In Re Modern Jet Support Centre Ltd [2005], Revenue and Customs from could not take control of goods under a walking possession agreement because the court held that “execution” in section 183 of the Act could not include “distress” and “distrain” under s.61 of the Tax Management Act 1970.  The court held that the walking possession agreement could not be said to have been executed since Revenue and Customs had only distressed and distrained the debtor rather than seizing the goods.  Because the goods had not been seized and sold by the time the debtor company entered liquidation, the benefit of executing the walking possession agreement was lost. While this case concerned walking possession agreements, it seems highly likely the same would apply to CGAs.

If the debtor company becomes insolvent and enters administration, the question of whether the administrator need have regard to a CGA remains untested.  The ability of a creditor to rely on a CGA over the goods of a debtor in administration appears at best uncertain.

Under paragraph 71(1) of Schedule B1 of the Act, the administrator may only dispose of a property which is subject to a security (other than a floating charge) as if it were not subject to the security with a court order.  Failure to comply is an offence which could lead to the administrator being fined daily for each day in default (paragraph 106 of Schedule B1, of the Act).  The question therefore is: does a CGA create a security?

The statutory definition of “security” pursuant to s.248(1)(b)(i) of the Act  is “any mortgage, charge, lien or other security”.

In Bristol Airport v Powdrill [1990] the court considered the right of an airport to detain an aircraft for failure of the operating company to pay a debt.  Security was defined to give the word its natural meaning: 

“Security is created where a person ('the creditor') to whom an obligation is owed by another ('the debtor') by statute or contract, in addition to the personal promise of the debtor to discharge the obligation, obtains rights exercisable against some property in which the debtor has an interest in order to enforce the discharge of the debtor's obligation to the creditor.

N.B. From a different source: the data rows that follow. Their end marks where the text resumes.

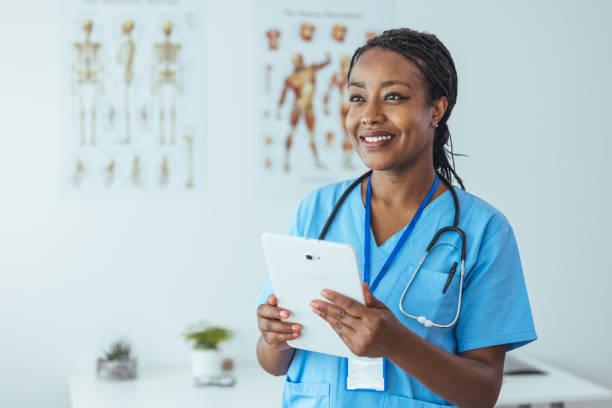 istock Young medical practitioner using a digital tablet in a hospital 1415737671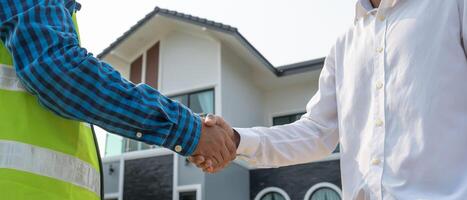 Construction team hands shaking greeting start up plan new project contract in office center at construction site, industry ,architecture, partner, teamwork, agreement, property. contacts photo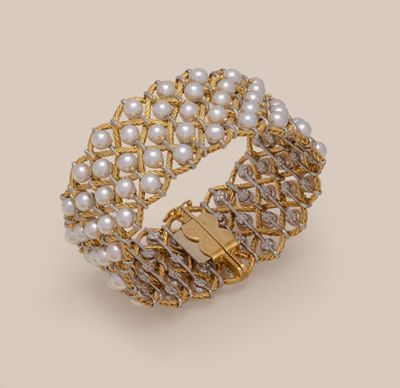 a close up of a gold bracelet with pearls and diamonds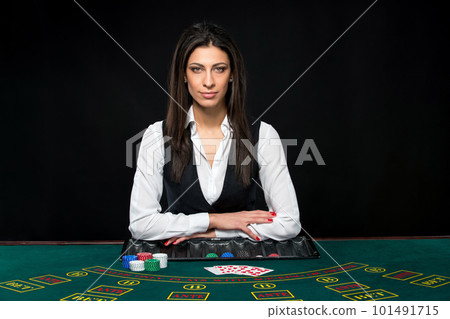 The beautiful girl, dealer, behind a table for poker The beautiful girl, dealer, behind a table for poker 101491715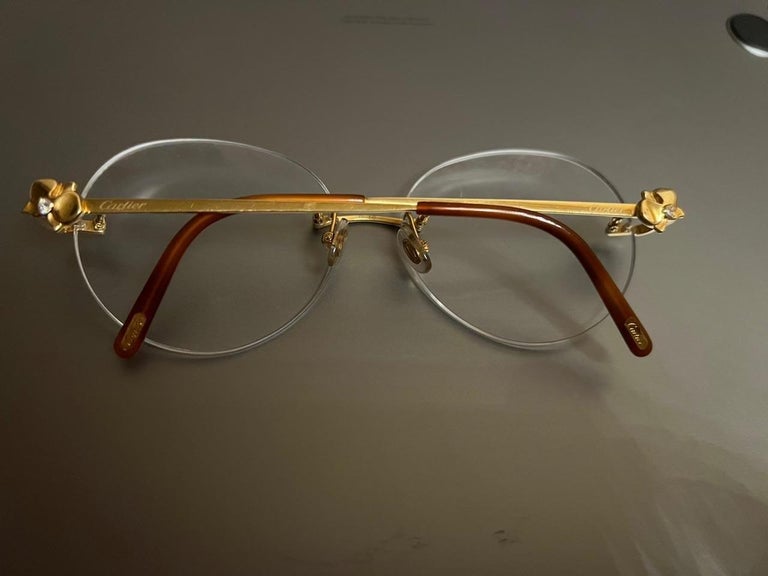 CARTIER Lunettes Caresse d Orchidees de Cartier Or massif 18K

Whilst not holding that that is a comprehensive definition of 'security,' in my judgment it is certainly no wider than the ordinary meaning of the word.”

On the basis of the Act and Powdrill, one could argue that a CGA does create a security, and therefore an administrator will need a court order to dispose of goods subject to the CGA.  

But even if a CGA is capable of creating a security, an administrator could nevertheless refer to Re Modern Jet Support Centre Ltd to argue that distraining a debtor’s goods without seizing them is a failure to execute a CGA, and although Jet deals with a walking possession agreement over goods of a company in liquidation as opposed to a CGA over goods of a company in administration, a court may be persuaded that an administrator need have no regard to a CGA.  

In any event, even if the administrator is not entitled to dispose of the goods listed in a CGA, it is also the case that the beneficiary of the CGA can no longer execute its CGA without either the administrator’s consent or a court order, pursuant to moratorium under paragraphs 43(2) and 43(6) of Schedule B1 of the Act:

43(2) No step may be taken to enforce security over the company’s property except—

(a)with the consent of the administrator, or

(b)with the permission of the court.

43 (6)No legal process (including legal proceedings, execution, distress and diligence) may be instituted or continued against the company or property of the company except—

(a)with the consent of the administrator, or

(b)with the permission of the court.

In short, CGAs are a new instrument which remains untested as means of providing security to creditors when the debtor becomes insolvent.  The only case law evidence we have concerns the old regime of walking possession agreements, but it would appear that liquidators can almost certainly dispose of a debtor’s property without regard to a CGA.  Administrators should perhaps approach CGAs with more caution.  Nevertheless, it is clear that a creditor looking to create security over goods should not expect to rely on a CGA for security if the debtor becomes insolvent.